Source code for arborist.concepts.query

"""Retrieval-time concept lookup. Cross-shard, read-only.

Public API matches the legacy ``arborist.qa.concepts`` shape so existing
call sites in ``query.py`` keep working unchanged. Behavior changes:

- Backed by the ``concept_relations`` SQLite table instead of in-Python
  frozensets.
- Walks every shard in ``shards_dir`` (same UNION pattern as cross-shard
  FTS5 search). Concept relations from shard 003 are visible to a query
  routed at shard 000 — exactly what we want for a 3.47M-doc corpus
  split across many shards.
- Token comparison is case-insensitive at the SQL layer (NOCASE on
  LOWER()). Stored capitalization is preserved.

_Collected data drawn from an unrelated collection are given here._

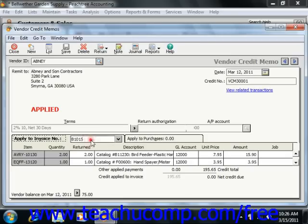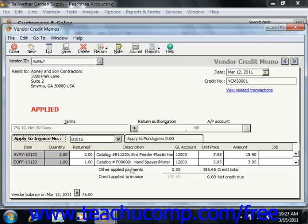If you did select a vendor that has open invoices, then the Apply to Invoices tab will instead appear at the bottom of the screen. Here you can select the appropriate invoice to credit, and also specify the number of returned items, the price, etc. So here you would enter in the number of items to return from the invoice in the Returned column for the items that you are returning.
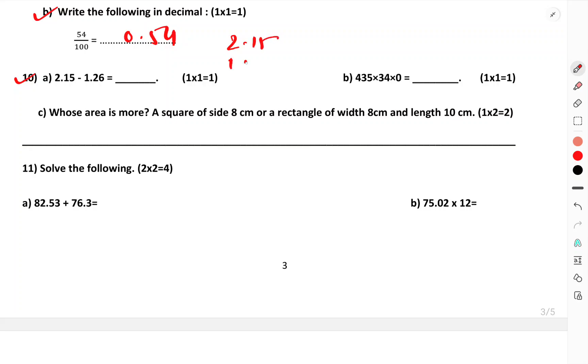2.15 minus 1.26: 5 minus 6 — borrow to get 15 minus 6 is 9, carry 1 so 1 minus 1 minus 2, borrow again to get 11 minus 2 is 9, and the ones: 1 minus 1 is 0. Answer: 0.89.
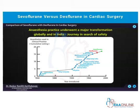With the advent of the halogenated ethers — halothane, enflurane, and of course later we have the isoflurane, sevoflurane, and desflurane — now we also have xenon.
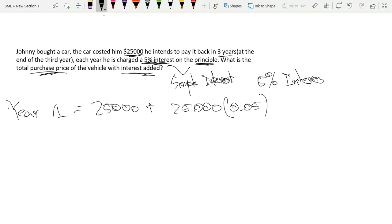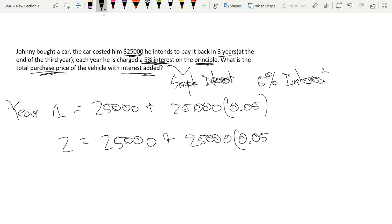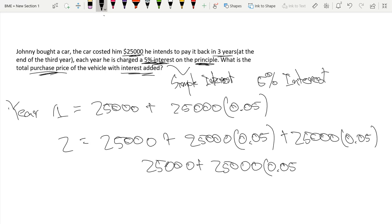So in the second year, it would be the same thing. It would be 25,000. We would also add this 25,000 times by 0.05, but now he would add it one more time. So really we're just doing repeated addition, which is just multiplication. So what we could also write for year two is just 25,000 plus 25,000 times 0.05, which is being multiplied once and then twice, so times two.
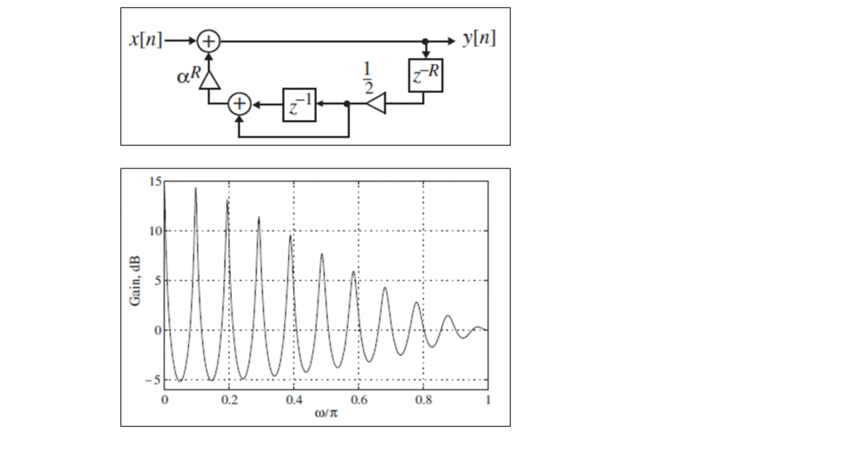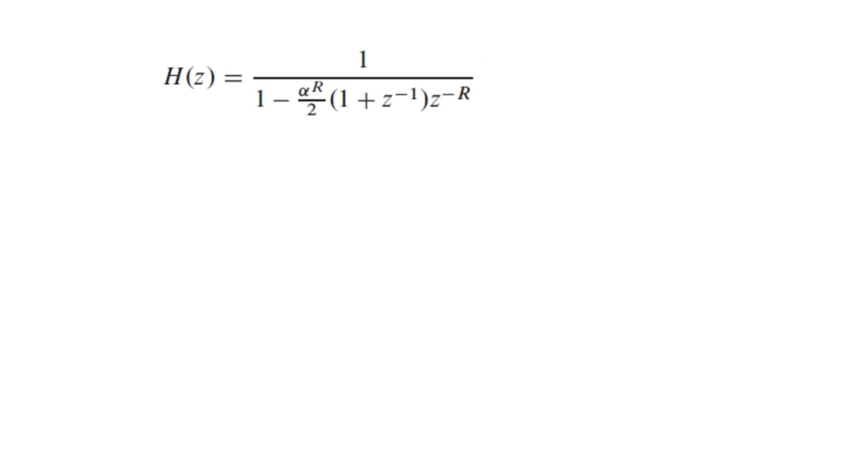...the pitch period of the tone is R plus 1/2 samples. Here we shall see the transfer function of the filter structure that can be given as capital H(z) expressed as 1 upon [1 minus alpha to the power R divided by 2, in multiplication to the bracket where we have (1 plus z to the power minus 1) multiplied to z to the power minus R].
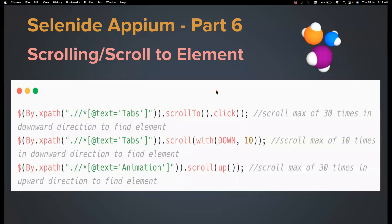Hi everyone, welcome back to my channel Testing Minibytes. I'm your friend Amulance Activate and in this video we're going to see how we can do the scrolling with Selenide Appium. Again with Appium, if you want to perform a scroll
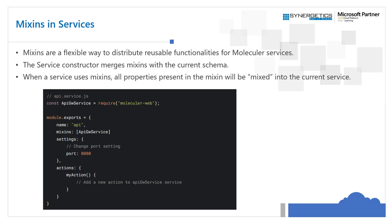There is a predefined mixin called API Gateway Service which is part of the Molecular Web namespace or package, containing all the requirements for creating an API Gateway. Since the API Gateway is just like another regular service, we can define the schema of our API Gateway and use the mixins property to specify the mixin name. The service is named 'api' and the mixins array defines ApiGwService, so the API Gateway service features are automatically added to the current service.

Cache: a per-process LRU keyed on ``shards_dir`` mtime. Lookups in a
hot loop don't re-walk shards. Cache invalidates when any shard file's
mtime changes (e.g. after `arborist concepts derive` writes new rows).
"""

from __future__ import annotations

import re
import time
from pathlib import Path

from arborist.store import connect_query

# Tokens that mean "user wants both sides of any rivalry shown" —
# kept here (not in DB) because compare-phrasing detection is a
# query-classification task, not a corpus-derived signal.
COMPARE_WORDS: frozenset[str] = frozenset({
    "vs", "versus", "compare", "compared", "comparison", "compares",
    "between", "difference", "differences", "or", "either",
})


[docs] def has_compare_phrasing(question: str) -> bool: """True if the question contains comparison language.""" lower = (question or "").lower() words = set(re.findall(r"[a-z]+", lower)) return bool(words & COMPARE_WORDS)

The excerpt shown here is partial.